Più a nord dello stabilimento si estendeva invece un grande aranceto, delimitato ai lati da frangivento di cipressi altissimi sui quali ci arrampicavamo (non senza difficoltà) per scrutare il panorama circostante e i tetti del paese.
All’estremità di questo riquadro vi erano numerose piante di nespole e un gran noce; più oltre - là dove l’orto confinava con Su cammiu de Sant’Rabara -  insisteva una struttura in cemento armato con un pozzo profondo diversi metri nel quale vi erano residui di carbone: era una sorta di “fornace” di cui non ho mai saputo il suo  effettivo utilizzo.  
Il lato destro della proprietà, invece, era occupato da Su cunzau de Tzia Silvia, un ampio terreno coltivato generalmente a carciofi, alla cui estremità nord era stata realizzata una stalla dove trovavano ricovero alcuni bovini.  Ricordo che proprio in questo terreno Michele aveva trovato una piccola "figurina" egittizzante (forse in avorio; sicuramente molto antica), che mi aveva mostrato una delle prime volte che andai a casa sua.
Ecco, questa era la geografia del "nostro" territorio; un territorio che, nella nostra fantasia, doveva essere difeso e protetto dai numerosi nemici immaginari.
Come detto, qui passavamo i lunghi pomeriggi primaverili ed estivi. Ci ritrovavamo quasi ogni pomeriggio, dopo pranzo, a casa di Michele (eravamo sempre almeno quattro o cinque amici; tra questi Fabiano, Armando, Pietro, Franco e altri ancora), accolti con straordinaria gentilezza da sua madre, e da qui ci dirigevamo nel nostro territorio.
Raggiungevamo Su Cunzau de Tzia Silvia e percorrevamo il sentiero fino ad arrivare alla siepe nord, vicino alla stalla, dove avevamo creato il nostro quartier generale.
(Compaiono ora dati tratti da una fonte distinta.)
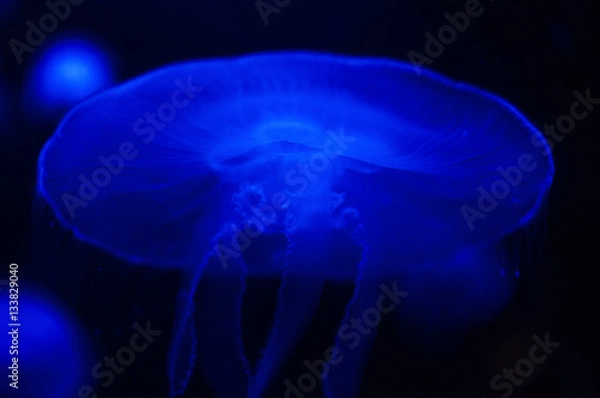 Fototapeta Jellyfish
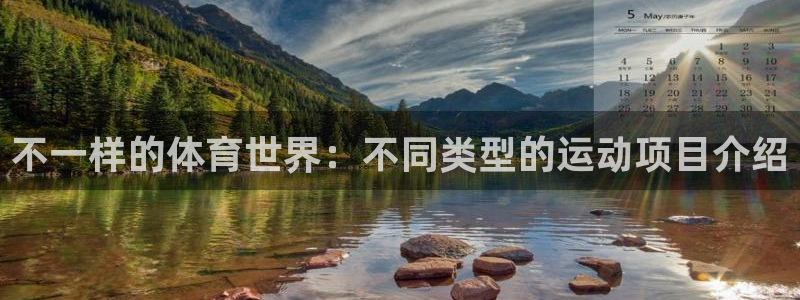 vsport体育官方正版app代理：不一样的体育世界：不同类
La siepe, larga alcuni metri, era costituita da rovi, arbusti e alberi non più alti di due-tre metri; la loro cima era avvolta da rampicanti che costituivano quasi delle “nuvole” verdi.   All’interno della siepe avevamo creato dei passaggi e piccoli ambienti-rifugio; uno di questi, il più simbolico, era la cosiddetta “armeria”, dove erano conservate le lance e gli archi con le frecce di legno che avevamo costruito. Ci arrampicavamo in cima agli alberi, sopra le “nuvole”, passando agevolmente da una all'altra, controllando il sentiero sottostante e tutta la zona circostante. Era un vero divertimento!
Ogni tanto andavamo "in missione esplorativa" nelle altre zone dell’orto o nelle paludi di “Godzilla” (cosi ribattezzate da Michele), ossia gli acquitrini e i canneti del fiume dall’altra parte di Su cammiu de Sant’Rabara.
Ricordo bene anche i giochi nel cortile di Michele e  nei suoi magazzini, soprattutto quando questi erano pieni di grano e di orzo appena trebbiato che arrivava quasi fino al tetto.
All’ora della merenda, quando l’appetito si faceva sentire, puntuali tornavamo a casa di Michele, dove sua madre ci preparava dei grandi panini che divoravamo con voracità.
Solo a tarda sera rientravo a casa stanco e contento,  immaginando nuovi giochi e avventure per il giorno seguente.
Oggi che quei luoghi della nostra infanzia non esistono più così come erano, inghiottiti in buona parte dalle costruzioni e dal cemento, rimangono i ricordi (addolciti dalla nostalgia e dal passare del tempo) di un periodo spensierato.